## Exercise instructions
Every record below is to be copied exactly, with its images omitted.

** Given records follows **

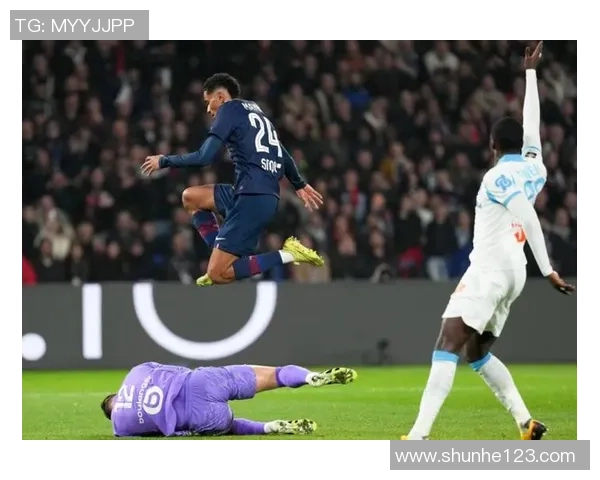 里昂逆袭巴黎圣日耳曼4-3乌龙球成比赛转折点引发热议 里昂逆袭巴黎圣日耳曼4-3乌龙球成比赛转折点引发热议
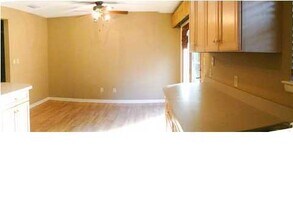 234 Martyn Pl NW in Fort Walton Beach, FL - Building Photo - Building Photo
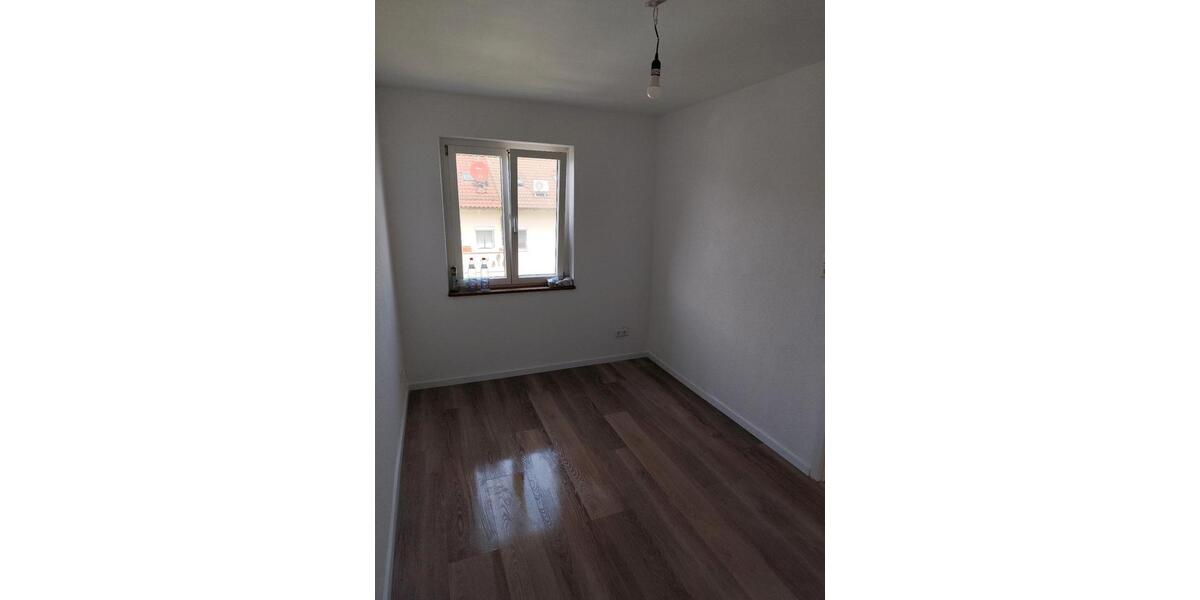 Reihenhaus Esslingen am Neckar Pliensauvorstadt - 4 Zimmer, 106 m&sup2;, 1.450&euro; | Angebot:26611083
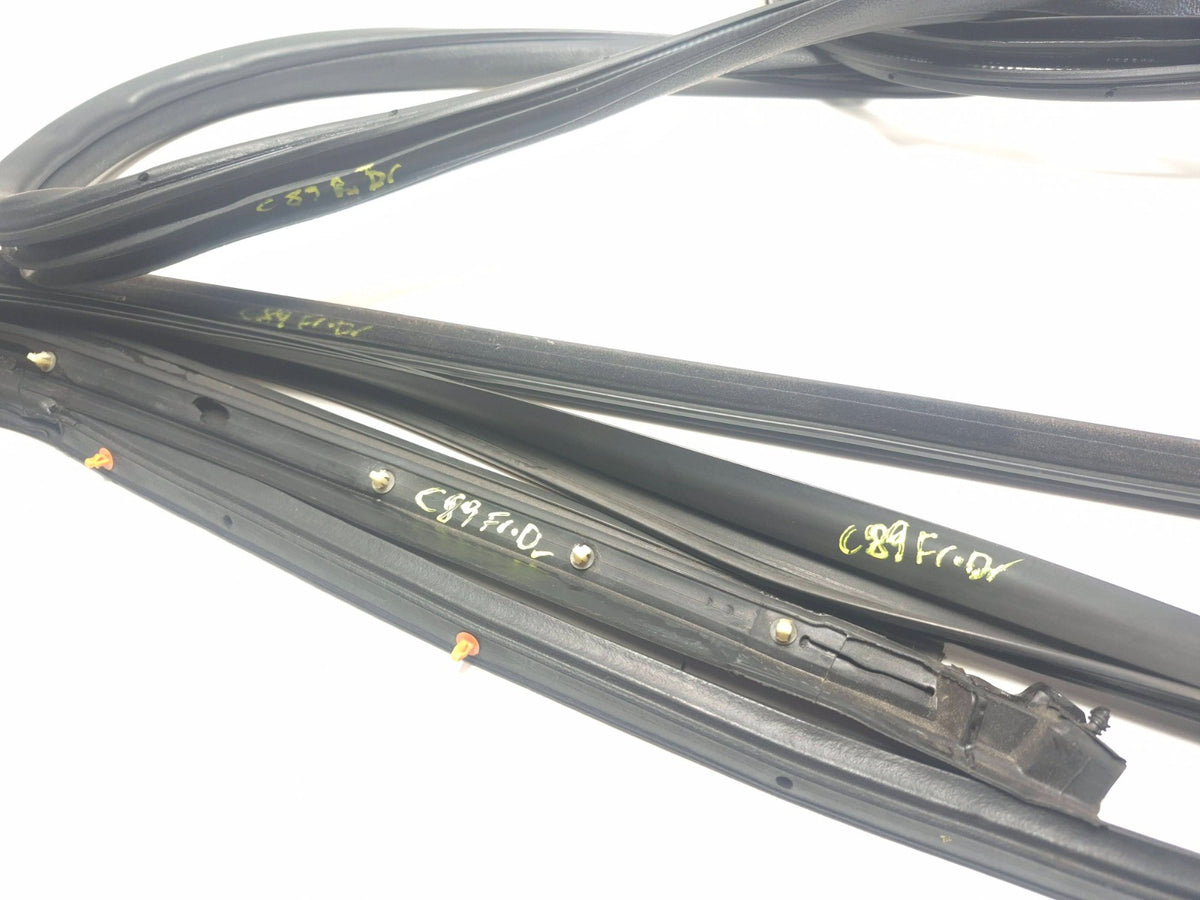 2008 Acura Tl Type-s Rear Door Weatherstrip Seal Passenge Side 72825-sep-a11 OEM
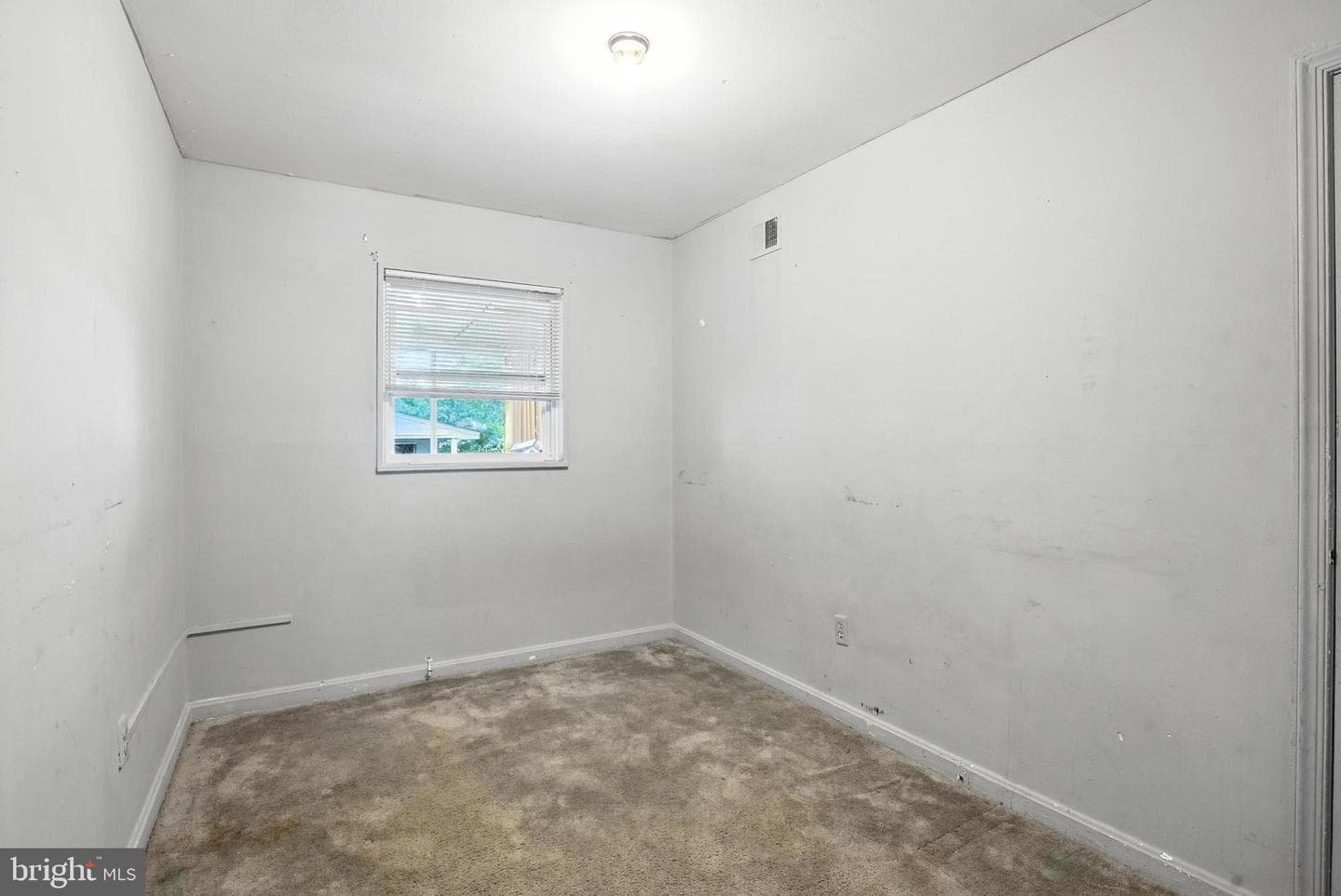 2607 Millvale Avenue photo 13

** End of Given records **

## Solution for this exercise
 里昂逆袭巴黎圣日耳曼4-3乌龙球成比赛转折点引发热议 里昂逆袭巴黎圣日耳曼4-3乌龙球成比赛转折点引发热议
 234 Martyn Pl NW in Fort Walton Beach, FL - Building Photo - Building Photo
 Reihenhaus Esslingen am Neckar Pliensauvorstadt - 4 Zimmer, 106 m&sup2;, 1.450&euro; | Angebot:26611083
 2008 Acura Tl Type-s Rear Door Weatherstrip Seal Passenge Side 72825-sep-a11 OEM
 2607 Millvale Avenue photo 13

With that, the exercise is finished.